Suara-ntt.com, Kupang-Ipda Rudy Soik kembali menjadi sorotan terkait penyelidikan kasus penimbunan Bahan Bakar Minyak (BBM) subsidi berjenis solar di Kota Kupang, Nusa Tenggara Timur (NTT).
Ia menemukan praktek penimbunan BBM jenis solar yang menggunakan barcode nelayan, namun ternyata justru menguntungkan pengusaha besar, bukan para nelayan. Kasus ini melibatkan dua pelaku utama, Algajali dan Ahmad Ansar, yang diduga memanfaatkan fasilitas subsidi BBM untuk kepentingan pribadi dengan cara ilegal.
Dalam penanganan kasus ini, Ipda Rudy Soik menahan beberapa kendaraan yang terlibat dalam distribusi ilegal BBM tersebut. Namun, langkah ini memicu kontroversi karena salah satu kendaraan yang ditahan tidak masuk dalam registrasi pengiriman ke Papua, yang kemudian dianggap sebagai tindakan tendensius oleh pihak tertentu.
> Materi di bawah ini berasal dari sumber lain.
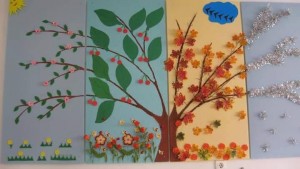 Make Four Season Trees (8)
Lebih lanjut, Rudy menyebutkan bahwa garis polisi (police line) yang dipasang di lokasi penimbunan BBM hingga saat ini belum dibuka, meskipun kasus tersebut sudah berjalan selama tiga bulan. Hal ini menambah rumit situasi yang sedang dihadapi oleh Rudy di bawah penyelidikan oleh Polda NTT.
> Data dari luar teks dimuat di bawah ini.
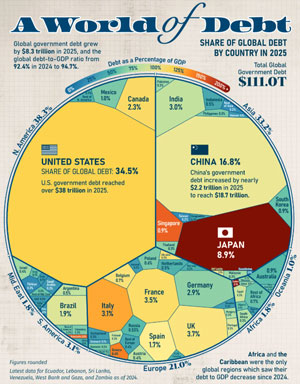 ProFinance: ������� ������� ��������� � 100% �������� ���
Kuasa hukum Rudy Soik, Veronika Ata, menyatakan bahwa pihaknya tengah membentuk tim hukum untuk mendampingi Rudy dalam menghadapi berbagai tuduhan yang diarahkan kepadanya.
“Kami sedang membentuk kuasa hukum, melibatkan banyak teman-teman untuk mendampingi pak Rudy Soik baik di pengadilan maupun di luar pengadilan,” ujarnya kepada wartawan di Kantor IRGSC, Jalan R.W Mongonsidi, No. 1, Kelurahan Pasir Panjang, Kecamatan Kelapa Lima Kota Kupang pada Senin, 14 Oktober 2024 siang.
Veronika menegaskan bahwa sejauh ini Rudy masih berstatus sebagai anggota Polri, karena belum ada keputusan hukum yang inkrah (berkekuatan hukum tetap).
Rudy Soik sendiri sebelumnya telah mengajukan banding atas beberapa kasus yang menimpanya. Dia menyatakan bahwa ada tujuh kasus yang dilayangkan kepadanya, termasuk kasus perdagangan orang yang pernah ia tangani di masa lalu. Namun, Rudy juga menyebut bahwa sebagian besar kasus tersebut sudah dibersihkan atau diputihkan.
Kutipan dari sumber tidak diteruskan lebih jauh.